Instantiation via XML can be done as follows. Possible values for ignoreDifferentBeginnings are: none, ignore_different_beginnings_case and ignore_different_beginnings_case_and_query.

sim.xml

    <GraphDTW name="SMGraphDTW"
        class="NESTSequentialWorkflow"
        halvingDist="0.5"
        taskSimName="SMStringEquals"
        dataSimName="SMStringEquals"
        valBelowZero="0.5"
        endWithQuery="false"
        ignoreDifferentBeginnings="none"
        returnLocalSimilarities="true"/>

A* Measures #

Detailed information about the NESTWorkflow representation and the A* algorithm can be found in the paper Similarity Assessment and Efficient Retrieval of Semantic Workflows (Here, referenced as NESTGraph). The latest improvements of the algorithm named A*III are described in the paper A*-Based Similarity Assessment of Semantic Graphs.
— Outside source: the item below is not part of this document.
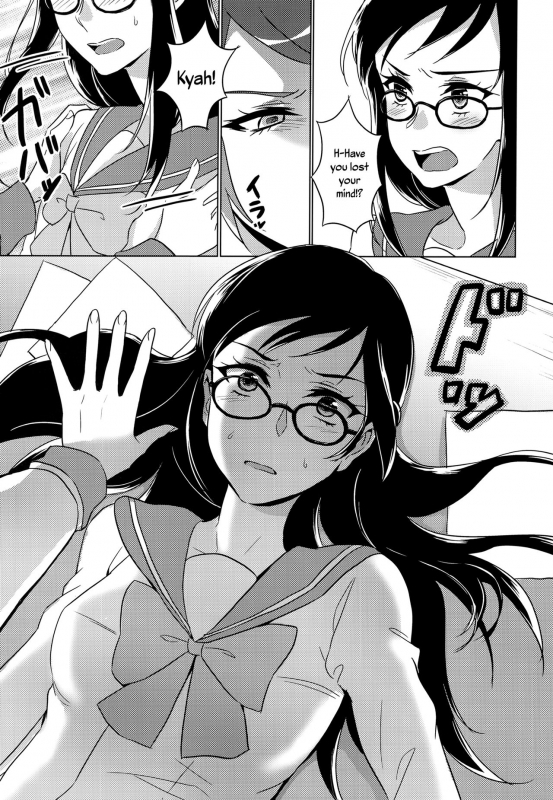 (C93) [World of Pure (Negom)] Jealousy Jealousy (DokiDoki! Precure) [English] [Yuri-ism]_20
Usage of A* similarity measure #

ProCAKE provides a custom A* algorithm specifically designed for all kinds of NESTGraphs.

The A* algorithm maintains a priority queue of open search nodes, i.e., partial solutions with partial mappings between the query graph and the case graph. In each step, the first search node is removed from the queue, is further expanded by adding additional mappings for the next item of the query graph to all possible items of the case graph, and then the newly obtained solutions are added into the priority queue. If such a solution contains a complete mapping of all items in the query graph the A* search terminates. Otherwise, the search continues by expanding the best partial solution in the priority queue.

The order, in which the partial solutions are added to the queue is essential for A*. Therefore, each partial solution is evaluated by a heuristic function. In our case, this function estimates an upper bound for the similarity of a solution, i.e., the maximum possible similarity a mapping of the remaining items of the query graph can achieve. The partial solutions are ranked in the priority queue by their similarity in decreasing order.

The following formula is used for calculating the similarity of a partial solution S: \( f(S) = g(S) + h(S)\) The function g returns the similarity of the already applied mappings and the function h estimates the maximum possible similarity that can be achieved by adding the remaining mappings.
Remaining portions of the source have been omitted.